◆ Activity
Repeat the data that follows verbatim. Images are not part of the copy.

◆ Task material
--------------------------------

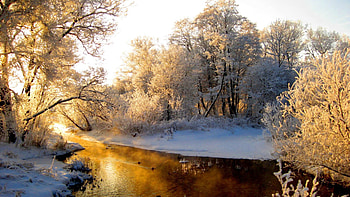 Winter, Nature, Rivers, Reflection, Shine, Light, Forest, Frost, Hoarfrost, Gray Hair HD wallpaper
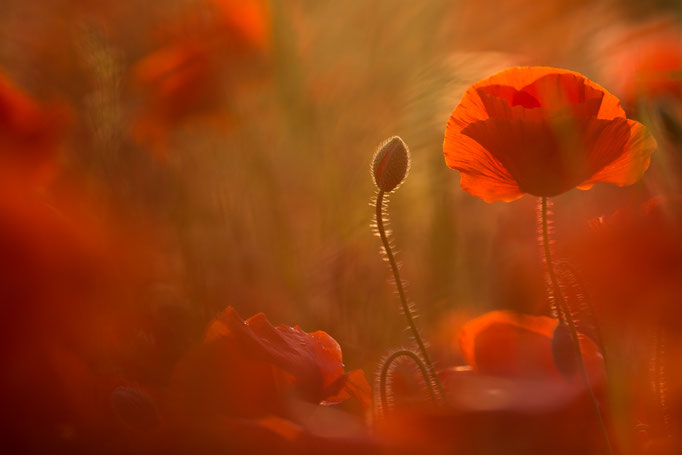 Mohn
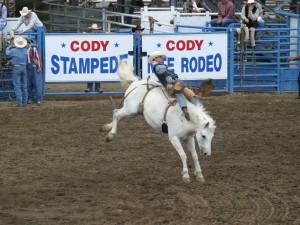 Cowboy riding a bucking horse in Cody Wyoming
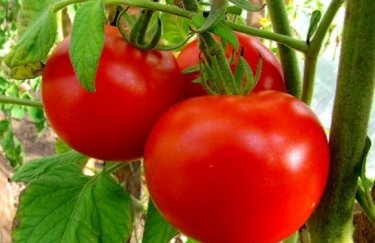 Первые украинские тепличные томаты почти вдвое дороже турецких: какие цены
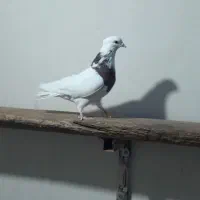 کبوتر طوقی|پرنده|خمینی‌شهر, |دیوار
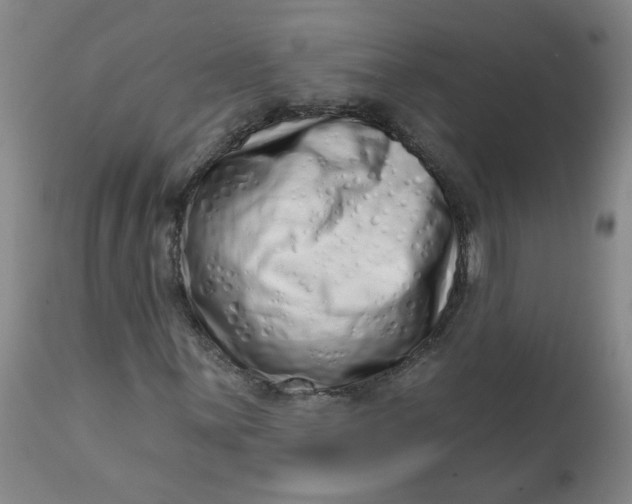 X0000113201059200910011251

--------------------------------

◆ Answer to the problem
 Winter, Nature, Rivers, Reflection, Shine, Light, Forest, Frost, Hoarfrost, Gray Hair HD wallpaper
 Mohn
 Cowboy riding a bucking horse in Cody Wyoming
 Первые украинские тепличные томаты почти вдвое дороже турецких: какие цены
 کبوتر طوقی|پرنده|خمینی‌شهر, |دیوار
 X0000113201059200910011251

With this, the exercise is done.